Limitations & Future Work

  • Single dataset: Evaluation is limited to the EV-UAV benchmark, although the authors acknowledge it is currently the only large-scale EVSOD benchmark. Generalization across different categories (non-UAV) or sensors remains unverified.
  • Topology assumption relies on "continuous target trajectories": The method leverages the prior that targets form a connected manifold in \((x, y, t)\). In cases of extremely intermittent motion or topological aliasing where multi-target trajectories cross and entangle, Betti/Wasserstein constraints might be counterproductive—a point not discussed in depth.

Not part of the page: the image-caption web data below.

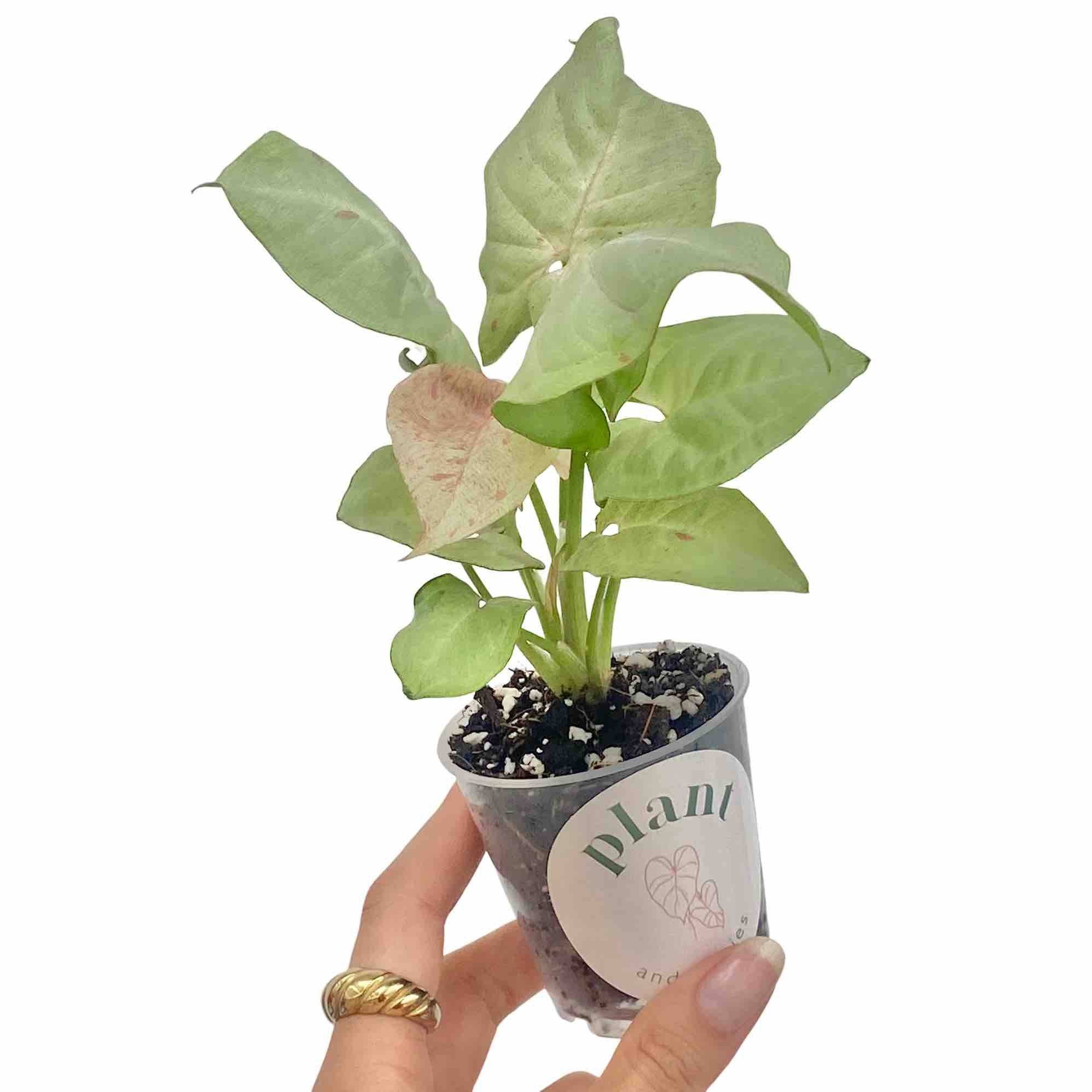 Syngonium Confetti - Pot de 6cm - Plantes d'intérieur - Image 7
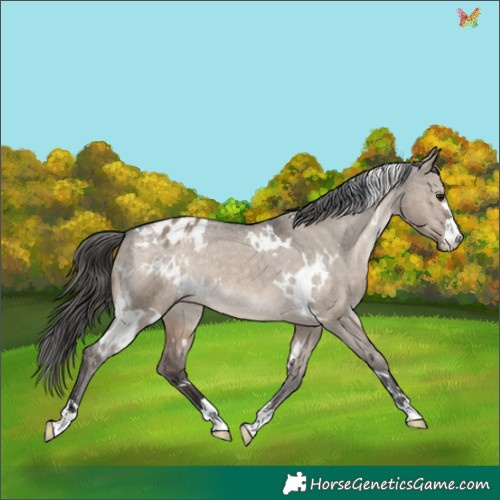 Horse Color:White Spotted Brown Dun Appaloosa 
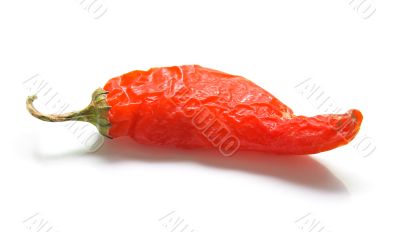 Red pepper 2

  • Overhead: Runtime increased from 35.9ms to 56.5ms (approx. +57%). While still fast, this is a cost for ultra-real-time scenarios. Additionally, sensitivity to \(\lambda_{topo}\) (0.05 being the sweet spot) suggests non-trivial hyperparameter tuning costs.

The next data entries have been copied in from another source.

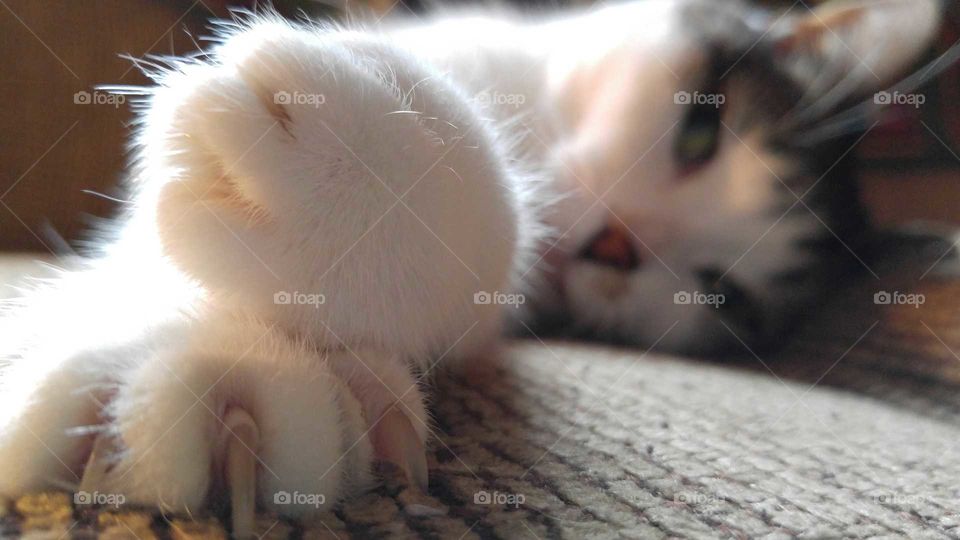 Cat Claw Focus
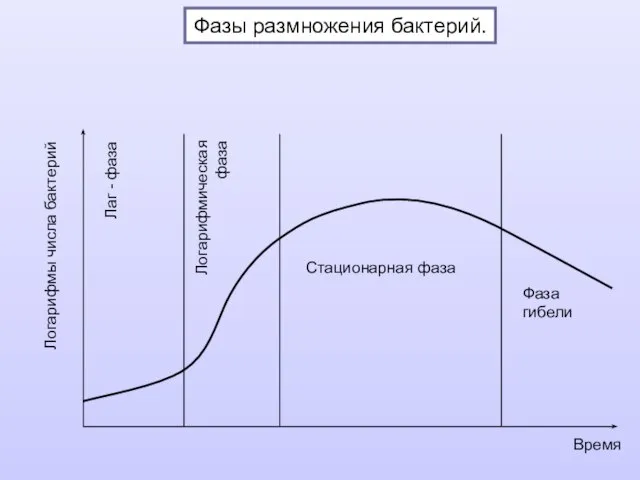 Фазы размножения бактерий. Логарифмы числа бактерий Лаг - фаза Логарифмическая фаза Стационарная фаза Фаза гибели Время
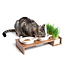 CanadianCat Company Cat Dinner Food Bar Brown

  • Batch size limited to 1: Due to point cloud size and persistent homology computation, the training batch is small, potentially affecting BN-like statistics and training stability. This is a potential bottleneck for scaling to larger scenarios.
  • vs. Ev-SpSegNet (ICCV25, Point SOTA): Both use sparse convolutions for per-event segmentation. Ev-SpSegNet focuses on local neighborhood aggregation; this paper adds a "global trajectory topology" layer via TLM/SCM and persistent homology constraints, raising IoU from 55.18 to 66.62. The core difference is the upgrade from "local features" to "local + global topological structure."
  • vs. Dense/Voxel Methods (RVT, Spike-YOLO, etc.): These densify events into frames or voxels and apply CNNs/SNNs/Transformers, sacrificing microsecond precision and introducing motion blur. This work follows a pure sparse point cloud approach, superior in both accuracy and efficiency.
  • vs. Image-domain Topological Segmentation Losses (TopoLoss, TopoSeg, Betti matching, etc.): Previous topological losses used only birth-death times for matching, ignoring spatial geometry. This creates ambiguity on event point clouds with spatial coordinates and is computationally complex. This paper addresses these issues with geometrically-aware gradients + active region mechanisms, successfully applying topological losses to large-scale event point clouds.

Rating

  • Novelty: ⭐⭐⭐⭐⭐ First to integrate persistent homology into both network architecture and loss for event-based SOD, while solving differentiability and efficiency for event point clouds.
  • Experimental Thoroughness: ⭐⭐⭐⭐ Comparison, ablation, layer-wise, weight sensitivity, and cross-backbone tests were conducted, but only on the single EV-UAV benchmark.
  • Writing Quality: ⭐⭐⭐⭐ Motivation clearly explained via homology visualizations; formulas are complete and method logic is sound, though some notation is dense.
  • Value: ⭐⭐⭐⭐⭐ EvTopoLoss is plug-and-play and yields gains across backbones; highly practical for high-speed small object scenarios like anti-UAV defense.